That's just one of the topics Rolle studied at Oxford, and it seems to have piqued his interest. He's considering it for a thesis topic. "I think I can write 10,000 words on that," he said.

Rolle has prepared for both these moments -- the draft and the thesis -- his entire life. During summers when Rolle was a child, his father, Whitney, would randomly assign research projects to Myron and his brothers. When they weren't playing sports, they hit the library. One week, young Myron and his brothers might study then-United Nations Secretary General Kofi Annan. Another week, Whitney might ask his sons to produce a report on the workings of the British Parliament. "I never let them do anything they could immediately find the answer for," the elder Rolle said. "The object was for them to go and do research -- to learn something new."

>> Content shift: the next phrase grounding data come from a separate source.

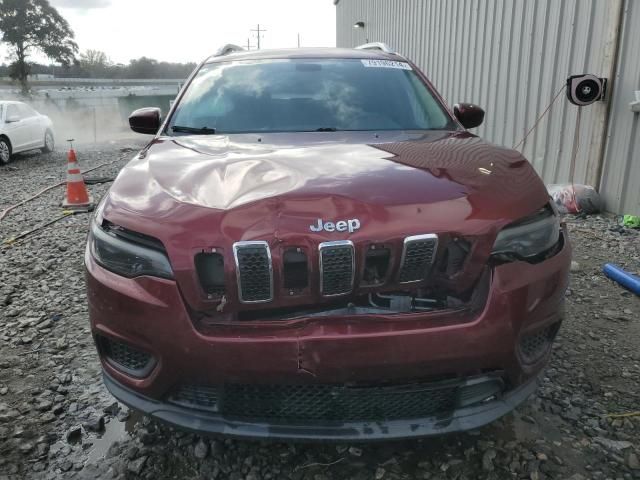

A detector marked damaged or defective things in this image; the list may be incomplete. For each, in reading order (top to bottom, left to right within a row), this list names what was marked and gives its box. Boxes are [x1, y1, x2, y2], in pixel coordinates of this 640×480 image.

dented hood [107, 130, 548, 222]
torn grille section [235, 242, 276, 302]
torn grille section [318, 240, 356, 296]
torn grille section [398, 234, 438, 284]
cracked bumper panel [85, 234, 568, 426]
cracked bumper panel [104, 370, 540, 440]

While at Oxford, Rolle learned plenty of new things. That included a new sport. While his brother, McKinley, ran him through football-specific drills, Myron also practiced with the Oxford rugby team. "I didn't actually play in any proper matches, but I ran around with the guys," Rolle said. "They were the best athletes at Oxford."

Rolle played wing, which allowed him to avoid getting clotheslined by any 250-pound hooligans. "I had to learn how to pass the ball backward," Rolle said. "I had to learn the positioning and some of the lingo in rugby." One word Rolle didn't have to learn was scrum; he stayed well clear of rugby's ultra-violent version of basketball's jump ball. "Definitely not," Rolle said. "I was not going there."

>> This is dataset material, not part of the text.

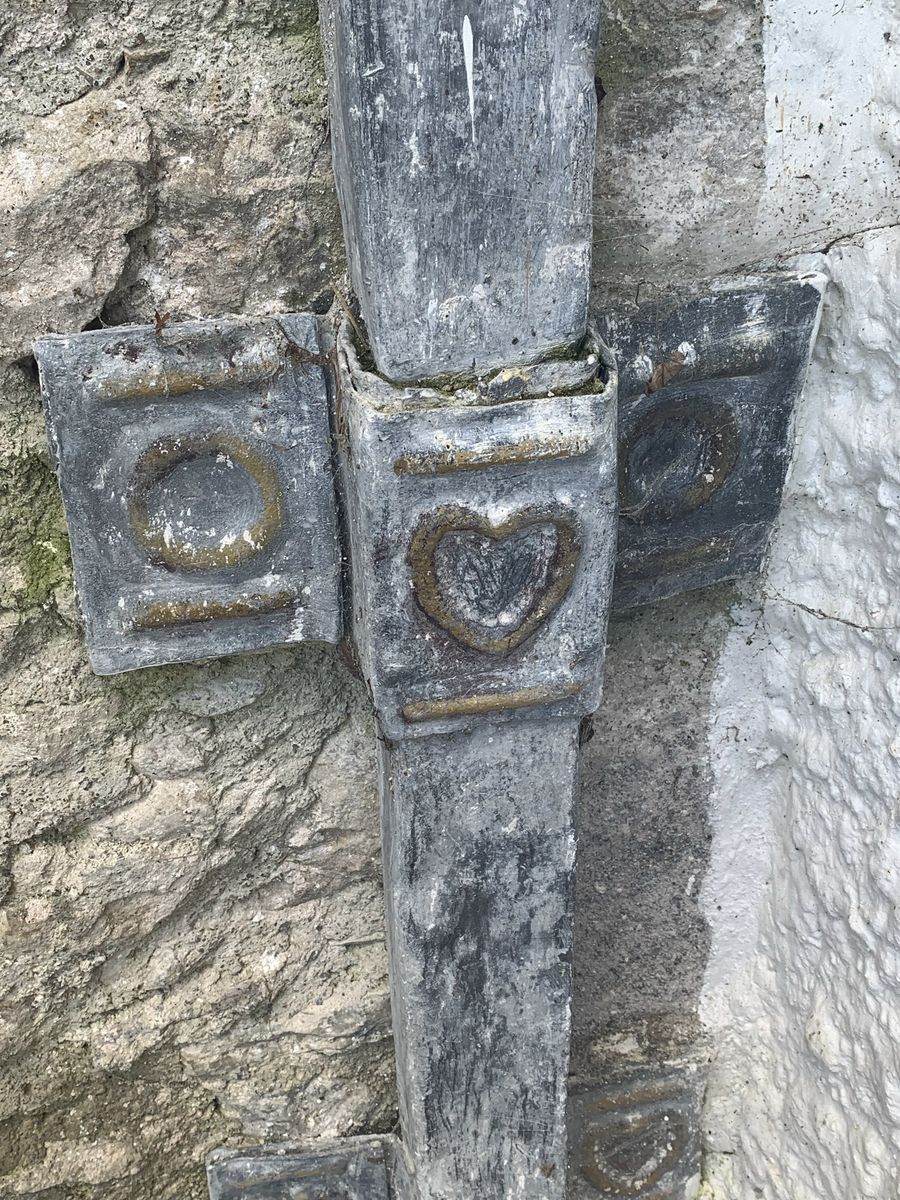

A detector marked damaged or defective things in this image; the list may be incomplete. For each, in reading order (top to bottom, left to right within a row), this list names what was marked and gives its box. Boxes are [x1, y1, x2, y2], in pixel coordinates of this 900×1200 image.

rust stain [403, 686, 585, 720]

Though he was an ocean away, Rolle also kept up with the Seminoles. While some of his fellow students burned the midnight oil with their books on Saturdays, Rolle crouched over his laptop and watched Florida State stumble to a 6-6 finish in the regular season. It hurt to watch his team struggle, and it hurt more to watch legendary Florida State coach Bobby Bowden be forced out of a job days after a loss to Florida. "It was disappointing to see some of the things we did on that field this year -- especially with [longtime defensive coordinator] Mickey Andrews leaving," Rolle said. "That was sour. And coach Bowden, that was difficult to digest."

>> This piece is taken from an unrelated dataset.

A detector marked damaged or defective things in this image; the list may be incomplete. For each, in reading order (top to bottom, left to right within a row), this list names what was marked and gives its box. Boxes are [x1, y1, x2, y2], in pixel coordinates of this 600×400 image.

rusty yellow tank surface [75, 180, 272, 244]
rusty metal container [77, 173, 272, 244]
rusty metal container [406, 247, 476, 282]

During the next few months, Rolle will have to digest NFL schemes while also studying the digestive systems of Native Americans who lived thousands of years ago. He knows it will require some serious juggling, but he wants to convince NFL teams he can handle it. He also knows teams will want to discuss his ultimate goal of becoming a neurosurgeon, but Rolle said he plans to play as much football he can. He'd like to make one dream come true before he chases the next one. "People say I may slip [in the draft] because of taking a year off," Rolle said. "But I look forward to proving I'm still a very good football player."